Secretary of the Navy (SECNAV) Ray Mabus delivered his keynote address on the state of the surface Navy, highlighting the strength of the fleet and debunking rumors.

"Uniquely, what we provide, the Navy and the Marine Corps, is presence," Mabus said. "That constant presence, ready for any challenge that may come over the horizon. In order to provide that presence that we need today, we have more than 100 ships forward deployed and more than 30,000 marines deployed around the world. And they're doing this myriad of missions, from airstrikes against ISIL to fighting ebola to exercising with our partners and our friends to protect freedom of navigation in the pacific.

"Providing that presence falls on the surface fleet, the foundation of our Navy. The foundation of our Navy is ships. That's what we are. That's why we're the Navy. We have to have a right-sized fleet to do what we need to do.

"In the first five years that I've been in office, we have put under contract 70 ships with a smaller top line for Navy.

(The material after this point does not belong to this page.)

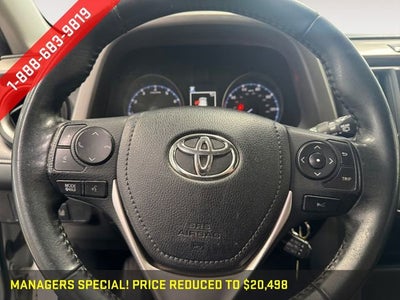 2018 Toyota RAV4 XLE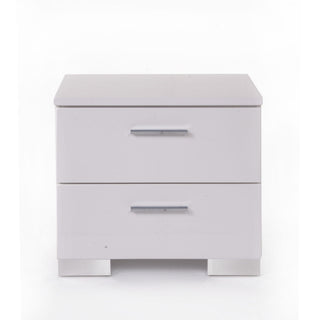 Lorimar - Nightstand - White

In 2014, we launched nine ships, and by the end of the decade, our fleets going to be back over 300 ships ... we have bought 1,300 naval aircraft. That's 40 percent more than we're bought the five years before. We're not neglecting ships or planes. And even as we deal with possible impacts of sequester, now's not the time to give up on the progress that we've made in our ship building. I don't believe you ought to pay for one Navy ship with another Navy ship."

Vice Chief of Naval Operations Adm. Michelle Howard wrapped up the SNA symposium with her closing remarks at the annual SNA banquet.

The theme of this year's symposium was "Surface Warfare: Distributed Lethality - Going on the Offensive," and government-contracted defense companies, suppliers and commands exhibiting the latest in surface warfare technology and the way ahead for future research and development converged to display their capabilities. The symposium also provided an opportunity for discussing a broad range of professional and career issues for the surface community.

The SNA was incorporated in 1985 to promote greater coordination and communication among those in the military, business and academic communities who share a common interest in naval surface warfare and to support the activities of Surface Naval Forces.